A molti è parso che l’unica cosa plausibile, sul piano dell’interesse nazionale, dell’azienda e dei suoi lavoratori, fosse il progetto di separare la rete. Fare cioè una società ad hoc a maggioranza pubblica attraverso l’intervento della Cassa Depositi e Prestiti. Altri si sono opposti, ritenendo sbagliato l’ingresso, seppure indiretto, dello Stato nella proprietà della rete. Insomma, tante parole sono state spese in queste settimane, politici, economisti e commentatori vari, ognuno ha detto la sua.

Infine, è arrivata l’iniziativa di Telefonica. Il Governo, fino a quel punto assente, si è mosso, o meglio ha annunciato di volerlo fare, e il Senato ha approvato la riforma sull’Opa nata dalla mozione bipartisan Mucchetti-Matteoli. In concreto però nulla è stato fatto ed uguali, dopo tante chiacchiere, restano i problemi di Telecom.

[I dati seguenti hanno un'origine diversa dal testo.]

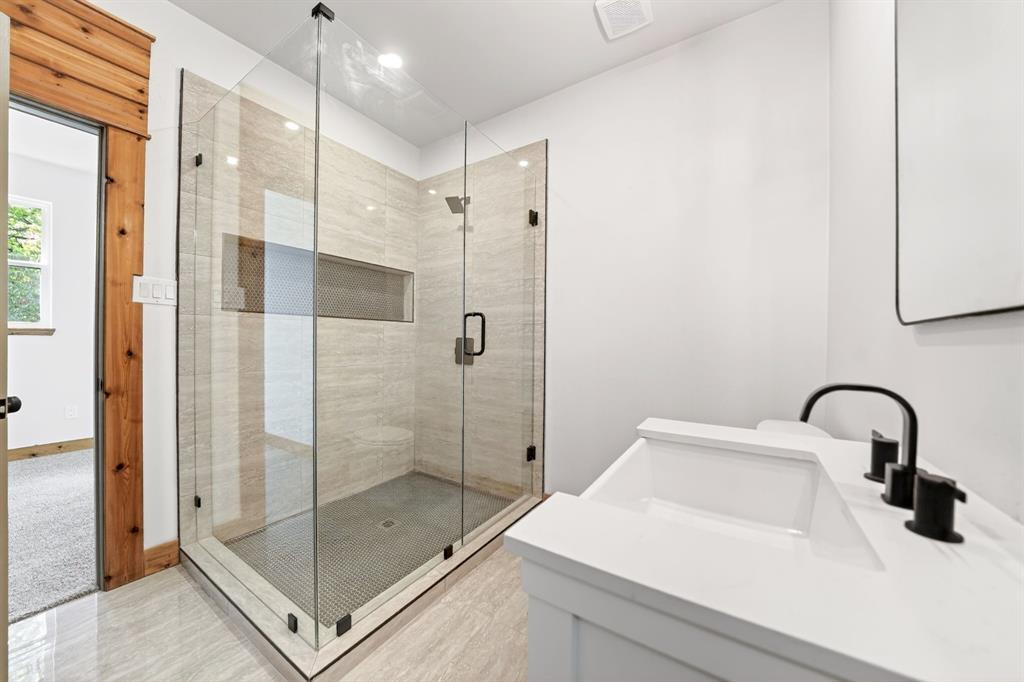 Frameless glass-enclosed shower with tiled walls and built-in niche, white vanity cabinet with stone-finish countertop, and matte black plumbing fixtures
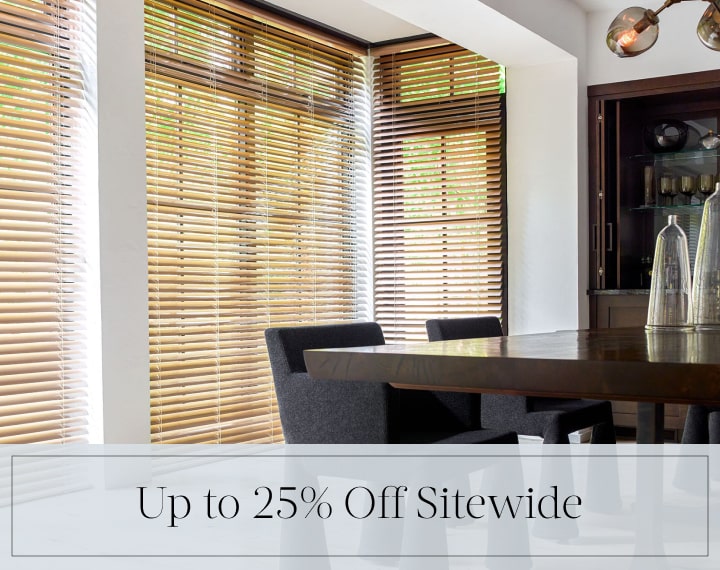 Up to 25% Off Sitewide in black text over an image of dining room windows with Champagne Metal Blinds.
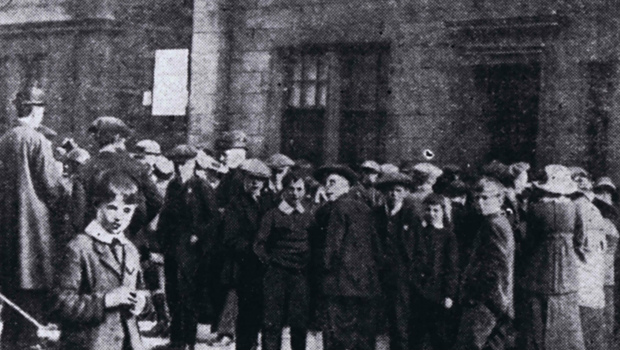 A large, worried crowd gathers outside the Army Drill Hall awaiting the news of local soldiers involved in the Quintinshill Rail Disaster near Gretna, 1915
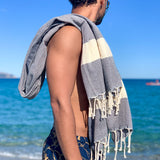 Mann am Strand mit blauem Hamamtuch auf der Schulter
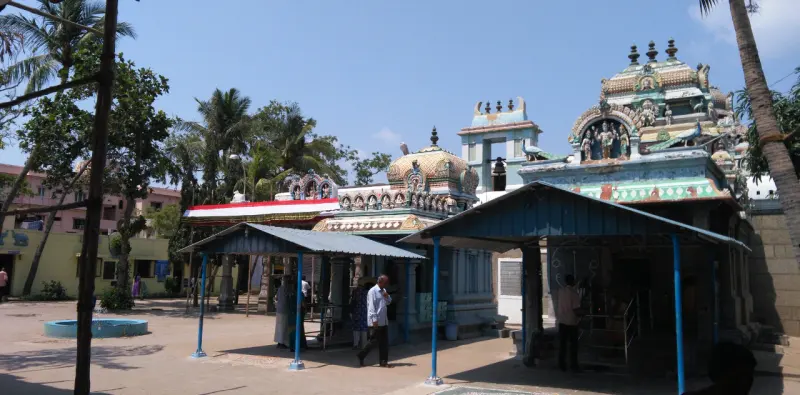 Shrines with painted towers in the courtyard, a visitor walking past a blue-pillared shelter.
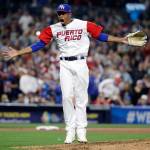 Puerto Rico pitcher, and Mariners closer, Edwin Diaz reacts after getting the last out to defeat the Dominican Republic in a second-round World Baseball Classic game March 14, 2017, in San Diego. Puerto Rico won 3-1. (AP Photo/Gregory Bull)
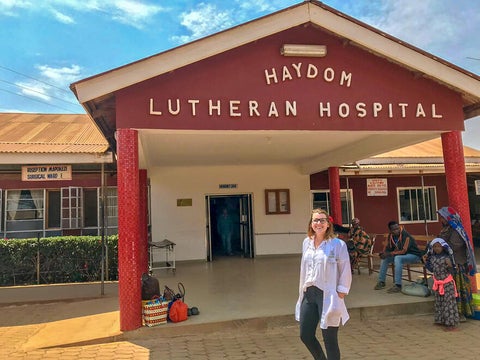 Lady standing in front of hospital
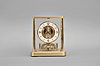 Jaeger-LeCoutre, Switzerland, "Atmos" clock, 13 Jewel, caliber 540 movement, gilt torsion pendulum, round white painted dial with applied gilt numbers and hour markers, gilt hands, all contained within a glazed rectangular case with flip-front door, movement serial number 630240.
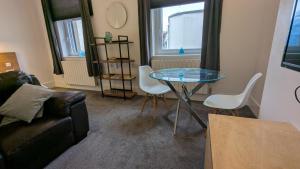 Una sala de estar con una mesa de cristal y sillas. en Captivating 1-Bed apartment Merthyr Tydfil -, en Merthyr Tydfil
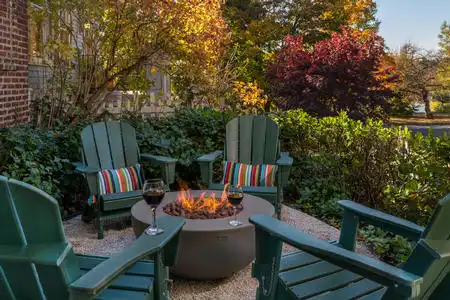 Professionally landscaped property w/ sprinkler system, cutting garden, fire pit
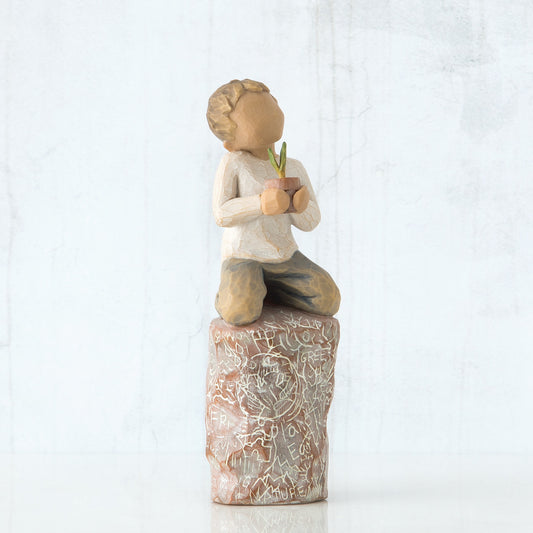 Willow Tree 'Something Special' Figurine. A young boy seated on a detailed stump holding a small potted plant.
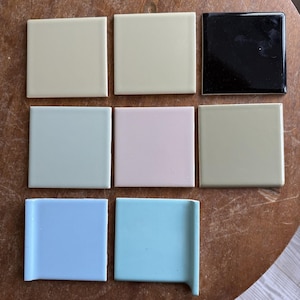 May include: Nine square ceramic tiles in various pastel colors, including light green, pink, blue, and a glossy black. The tiles are arranged in a grid pattern, showcasing a range of hues suitable for home decor projects.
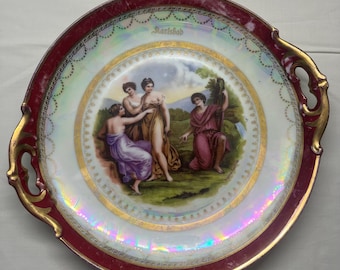 Antique porcelain gold-plated plate with handles 1909-1922.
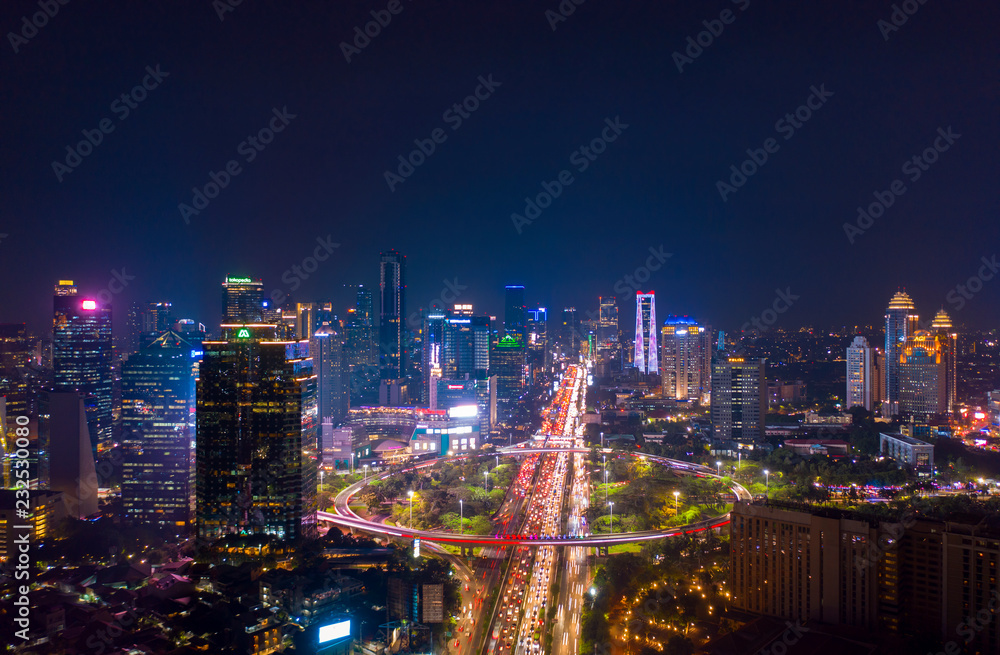 Jakarta city with glowing lights in hectic traffic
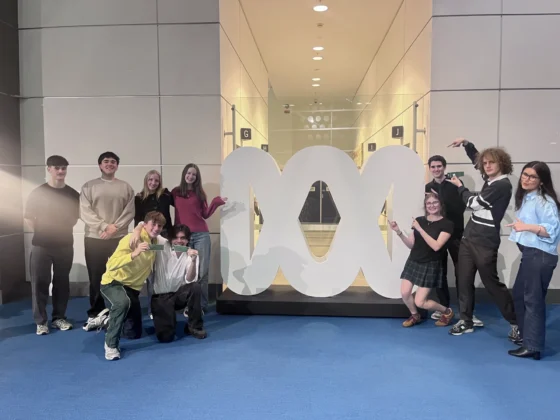Twelve people pose and smile around a large white abstract sculpture in an indoor space with blue carpet and well-lit walls at the ABC National Forum.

Oltre alla consueta confusione delle nostre classi dirigenti, ha poi colpito il mancato coinvolgimento di Agcom. Quest’ultima non è stata chiamata, al contrario di altre Autorità, nei vari passaggi istituzionali sulla vicenda. Non dal Parlamento, non, a quanto è dato di sapere, dal Governo. E’ ovvio che Agcom non fa politica industriale e non ha competenze sugli assetti proprietari e finanziari di un’azienda privata.

Ma nel caso di specie due sono le questioni che rendono il suo ruolo essenziale. La prima che l’infrastruttura di Telecom, in assenza di alternative, è fondamentale per il funzionamento del settore. La seconda che le regole adottate dall’Autorità hanno un ruolo decisivo, oltre che sugli assetti concorrenziali, sul futuro dell’ex monopolista. Vincoli regolatori più o meno ampi e valori di remunerazione degli investimenti sono concetti indissolubilmente legati agli esiti organizzativi e proprietari che riguarderanno l’azienda.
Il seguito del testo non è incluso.